Curry County Administrative and Economic Development Director Jan Hayes resigned Thursday, but not before giving accolades to commissioners David Itzen and David Brock Smith — and publicly chastising Commissioner Susan Brown.
“I owe much to you,” she told Itzen. “You’ve got so many great economic development projects going that hadn’t been done in the past.”
Itzen and Hayes have worked in the past year with Neighborhood Umpqua on an Oregon Solutions Housing Stock Upgrade Initiative that will help manufactured-home owners with repairs of aging houses, and the Forest Collaborative that seeks to get loggers back in the forest in conjunction with a start-up pyrolysis firm north of Gold Beach that wants to transform the slash generated from those operations into other fuels.
To Smith she said, “You have taken on a financial crisis and come up with a budget. We saw this coming, and you only had a short time to work it out. I know you have the best interests of the citizens of Curry County at heart.”
She wasn’t so kind to Brown — citing her among the reasons she’s resigning.
“I have probably spoken to you five times,” Hayes said. “You have said some things in public meetings that were unprofessional and unnecessary in regards to my staff.

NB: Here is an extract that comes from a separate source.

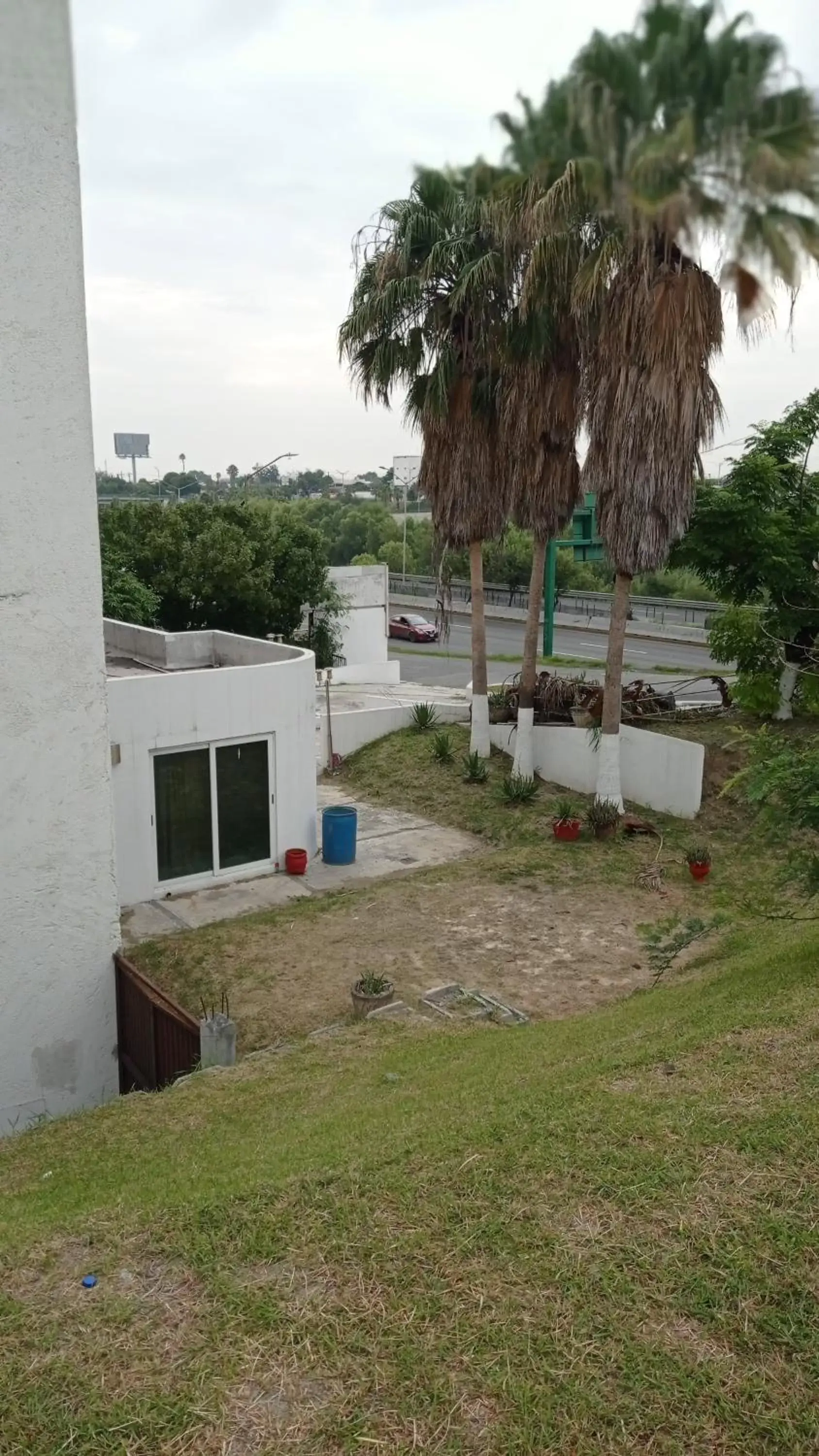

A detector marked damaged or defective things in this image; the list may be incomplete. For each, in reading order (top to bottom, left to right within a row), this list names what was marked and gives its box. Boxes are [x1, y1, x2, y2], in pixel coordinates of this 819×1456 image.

rusty metal gate [115, 959, 201, 1095]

“You’ve said you would do our work — that’s a lie. You don’t type up minutes, you don’t put the agenda together; I haven’t seen anything come from you as a commissioner. I hope the people in the county hold you accountable.”
Hayes specifically cited a meeting earlier this month in which Brown defended the building and planning departments, saying they didn’t have enough room to accommodate the Neighborhood Umpqua staff, currently in the Rush Building down the street in Gold Beach.

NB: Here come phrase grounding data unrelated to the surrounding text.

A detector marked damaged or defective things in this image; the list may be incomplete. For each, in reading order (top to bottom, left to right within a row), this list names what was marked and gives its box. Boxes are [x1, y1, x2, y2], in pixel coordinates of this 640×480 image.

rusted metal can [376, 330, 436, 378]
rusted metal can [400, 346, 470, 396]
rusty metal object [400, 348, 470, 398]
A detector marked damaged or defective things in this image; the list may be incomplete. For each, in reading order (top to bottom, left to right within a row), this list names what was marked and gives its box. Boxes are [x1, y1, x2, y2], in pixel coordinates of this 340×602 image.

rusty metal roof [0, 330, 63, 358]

“It was inappropriate to contact (Neighborhood Umpqua) and tell them we’re displacing employees,” Hayes said. “We were asking one employee to move across the hall. I think it’s a territorial thing. I hope you can work with Neighborhood Umpqua. It’s really sad what’s occurred here.”

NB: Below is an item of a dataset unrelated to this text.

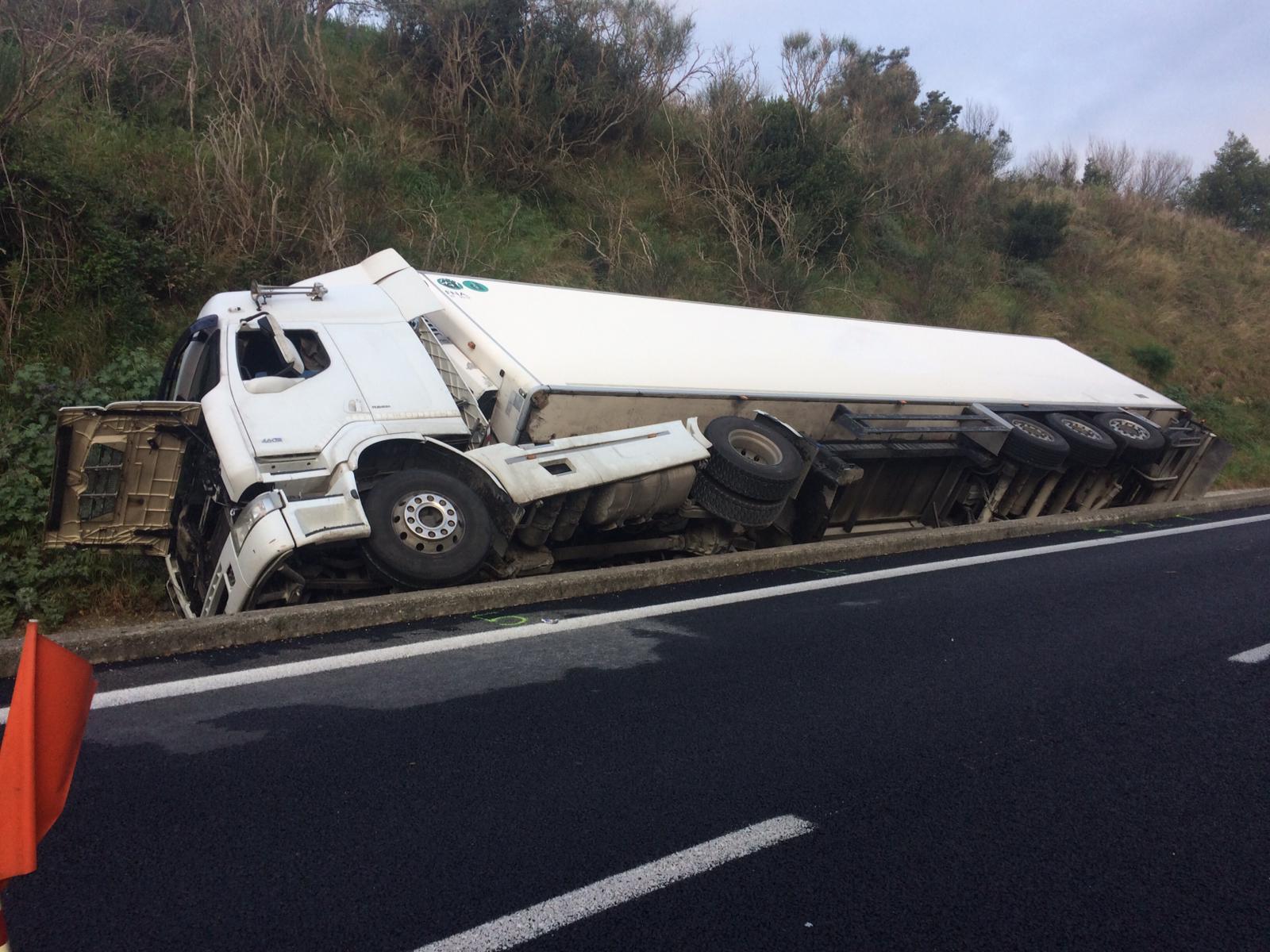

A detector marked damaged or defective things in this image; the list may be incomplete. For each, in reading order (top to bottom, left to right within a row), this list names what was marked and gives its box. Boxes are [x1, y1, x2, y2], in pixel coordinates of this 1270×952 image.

overturned truck [47, 248, 1229, 619]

Brown had nothing to say in response.
Itzen said Hayes resignation was a shock.
“I’ll be really sad to see you go,” he told her. “You’ve done a lot of really, really good work.”
“You see the quality of and quantity of work that gets done; it is very unfortunate we are losing you,” Smith said. “It’s a difficult position to replace, especially with the housing initiative, the Forest Collaborative, the other economic development projects. I truly believe your work with those will affect the citizens of Curry County positively for years to come.”
Hayes’ last day is July 7; she said she intends to return to Bend.
She wasn’t the only one resigning, although Parks Director Mike McGuiness did not attend the commissioners’ meeting to say so himself.
He said he felt the board’s approval to transfer parks to the juvenile department was a personal slight, although commissioners repeatedly told him it was “not about personalities.”
His department was transferred to Ken Duket’s juvenile department last week, as McGuiness originally intended on retiring at the end of the month. The transfer would have allowed McGuiness to bring Duket up to speed on county park maintenance issues so he can more smoothly get his juveniles into the field to conduct much needed work, notably at Lobster Creek Camp Area east of Gold Beach.
Duket had a list of things he needs to get done — from getting keys to killing mold — before that campground can open in July. The Boice Cope campground, adjacent to Floras Lake in Langlois, is ready for the summer season, he said.
He also wants to update the website and reservations system, get the kitchen stove-hood certified for fire suppression, replace the interior door that has been used for a food preparation counter and ensure water tests are underway before the popular area is open for business.
“In taking this over, I don’t know everything that needs to get done,” Duket said. “It’s not a personal thing; this is county property and we provide a public service.”